By 1991, six years had passed since Roth had left the mighty hard rock outfit, Van Halen. But even after that, he showed some promise as a rock star. In the mid to late 1980s, he had pieced together a respectable hard rock band, with guitarist
Steve Vai and bassist
Billy Sheehan, (both of whom played with Roth on his 1986 album,
Eat 'Em and Smile, as well as its 1988 follow-up,
Skyscraper). But by 1991, Vai and Sheehan were no longer a part of Roth's band, and neither appeared on this, his third solo record (his fourth, actually, if you count the 1985 EP,
Crazy from the Heat, which for these purposes, we shall not).
On paper,
A Little Ain't Enough might have seemed like a good idea when it was planned and recorded in 1990. In that year, after all, heavy metal and hard rock were still dominating both the airwaves and MTV, and few foresaw the rise of grunge. Produced by Bob Rock (who had produced two popular 1989 albums, Motley Crue's
Dr. Feelgood and the Cult's
Sonic Temple, and who would later produce Metallica's 1991 self tittled album, to be released in August of 1991), and featuring up and coming, but ultimately ill-fated, hard rock guitarist
Jason Becker, there might have been at least some reason to be optimistic. But in the end, it was Roth's last attempt at relevance, and it failed, in part, because 1991 was, as they say,
the year punk broke.
Listening to this record in 2009 is like watching awful exploitation flicks from the 1970s; it's difficult to look away at something that is so representative of a dying genre. Certainly, it is characterized by the excess of hard rock, with loud riffs, huge amps, and, of all things, horns. Some of the songs remain catchy, but they can only be the guiltiest of guilty pleasures.

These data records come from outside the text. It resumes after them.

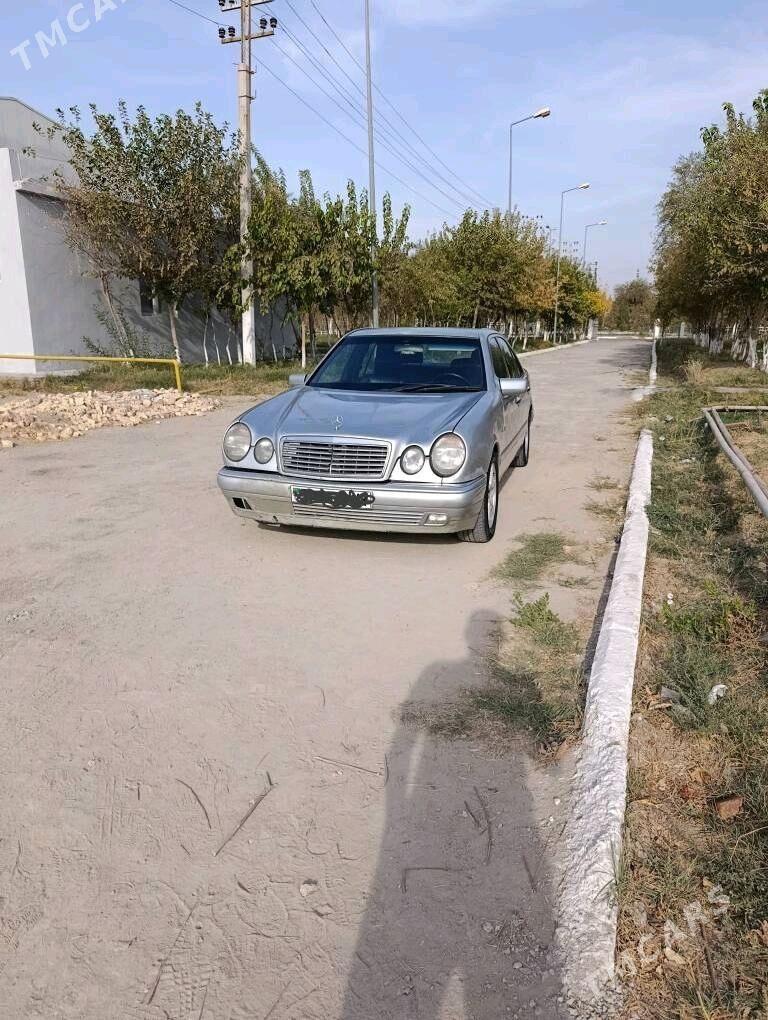 Mercedes-Benz E320 1996 - 60 000 TMT - Wekilbazar - img 4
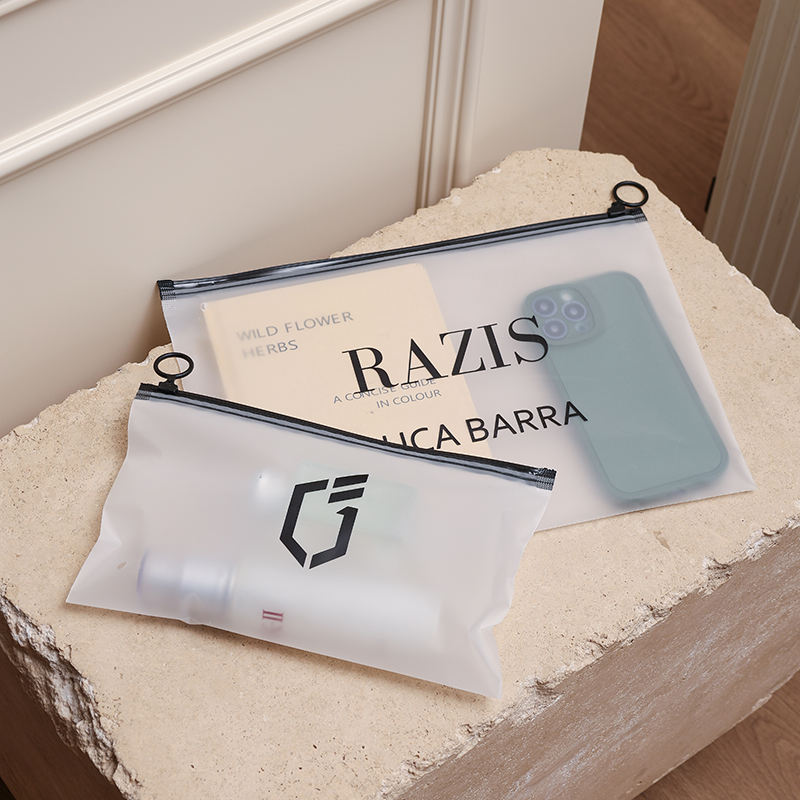 厂家直销拉链袋 可定制尺寸 适合服装和化妆品包装袋 印刷logoTitle: Factory Direct Zipper Bags Custom Size Logo Print Packaging for Clothing Cosmetics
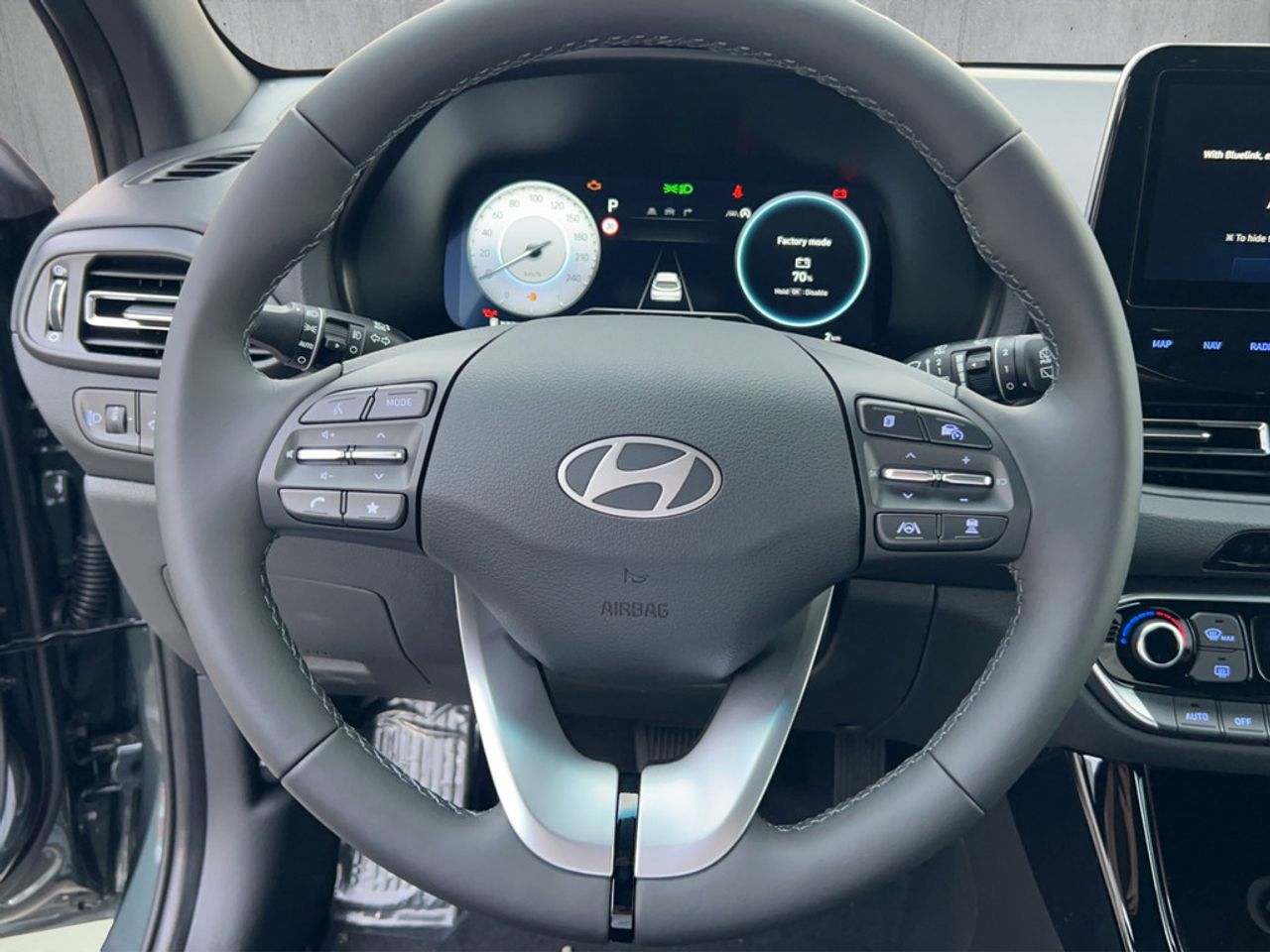 https://csb-strapi-files.fsn1.your-objectstorage.com/inventory-cars/images/e90e3218c382aeb5f877e8ef435a5e866086dc4f/10_1280_8583.jpg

The Internets alert me that there were three singles from the album that charted, those being "A Lil Ain't Enough" (which can't really be called the title track if one word is spelled differently), "Sensible Shoes," and "Tell the Truth," but I can only recall the first two. Surely only the most devout fans of Roth can identify anything he did after 1991 (with the possible exception of the two new tracks he contributed to the Van Halen greatest hits album in 1996). And so it was.
A sad footnote: Becker, the young guitarist, would be diagnosed with Lou Gehrig's disease shortly after joining Roth's band and was unable to tour in support of the album.